Aim of the exercise: Go through the listing below and write out exactly the lines from the one that mentions "Wholesale 4KW 5.5HP" through the one that mentions "アイナナ アイドリッシュセブン 白泉社 文教堂 特典 ポストカード 環", minus the pictures.

Record set:
*** Begin section ***
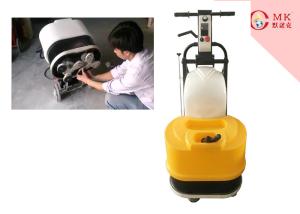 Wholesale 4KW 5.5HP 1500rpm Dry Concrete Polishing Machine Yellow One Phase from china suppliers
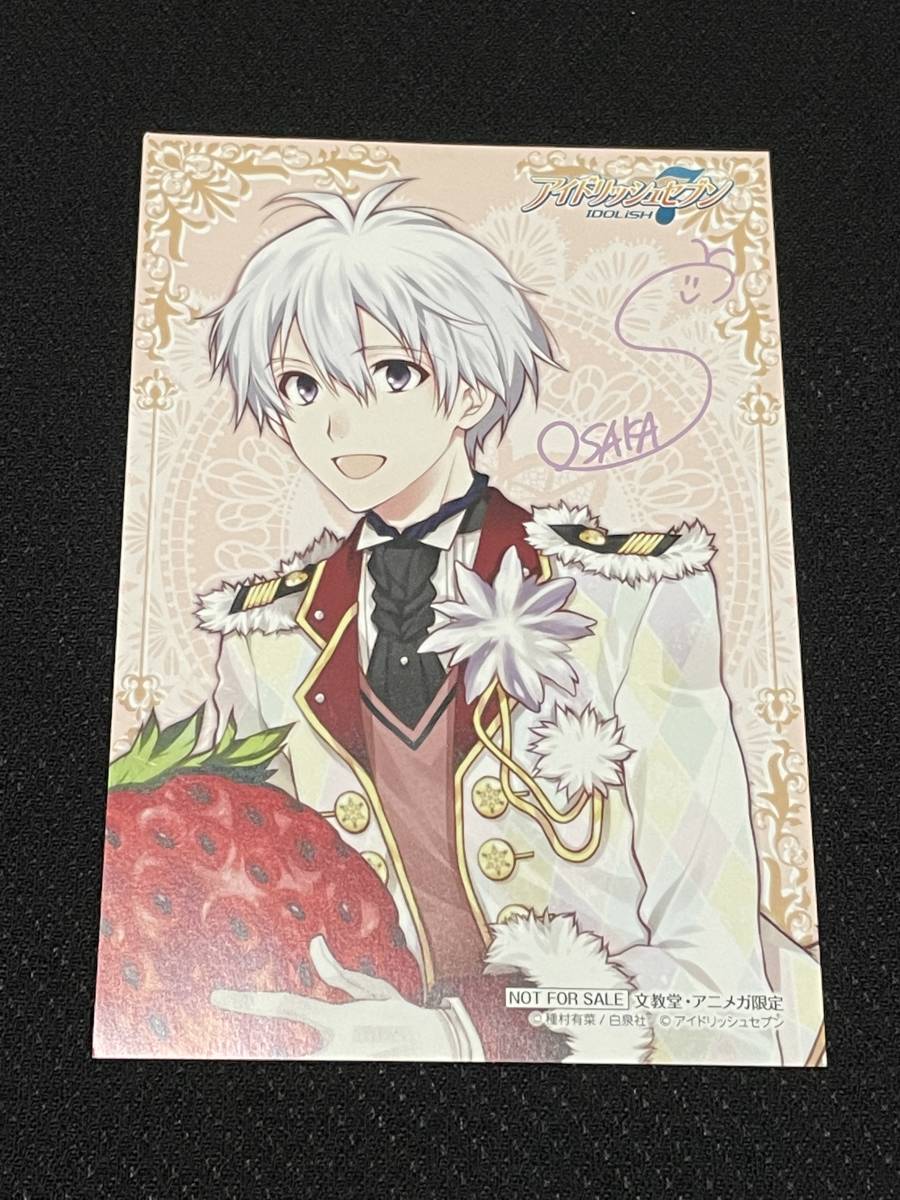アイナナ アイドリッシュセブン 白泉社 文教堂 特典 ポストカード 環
*** End section ***
*** Begin section ***
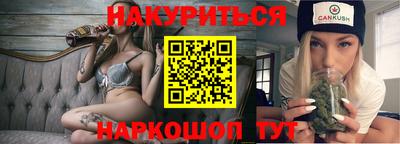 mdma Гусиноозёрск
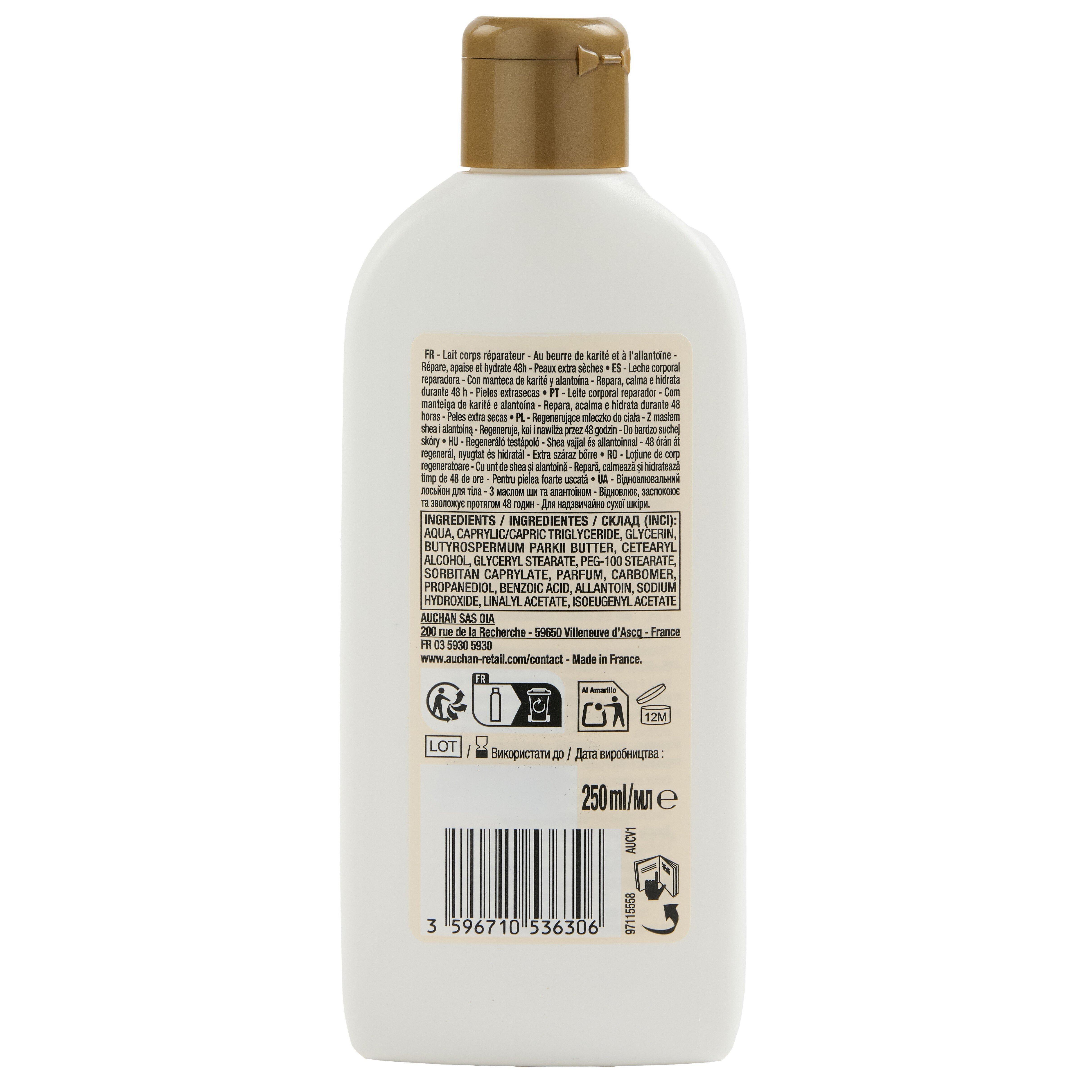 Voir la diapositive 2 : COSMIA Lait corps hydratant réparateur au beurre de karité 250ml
*** End section ***
*** Begin section ***
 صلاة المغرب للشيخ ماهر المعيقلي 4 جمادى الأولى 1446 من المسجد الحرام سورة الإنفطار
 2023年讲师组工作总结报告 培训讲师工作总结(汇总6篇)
*** End section ***
Reply to the exercise:
 Wholesale 4KW 5.5HP 1500rpm Dry Concrete Polishing Machine Yellow One Phase from china suppliers
アイナナ アイドリッシュセブン 白泉社 文教堂 特典 ポストカード 環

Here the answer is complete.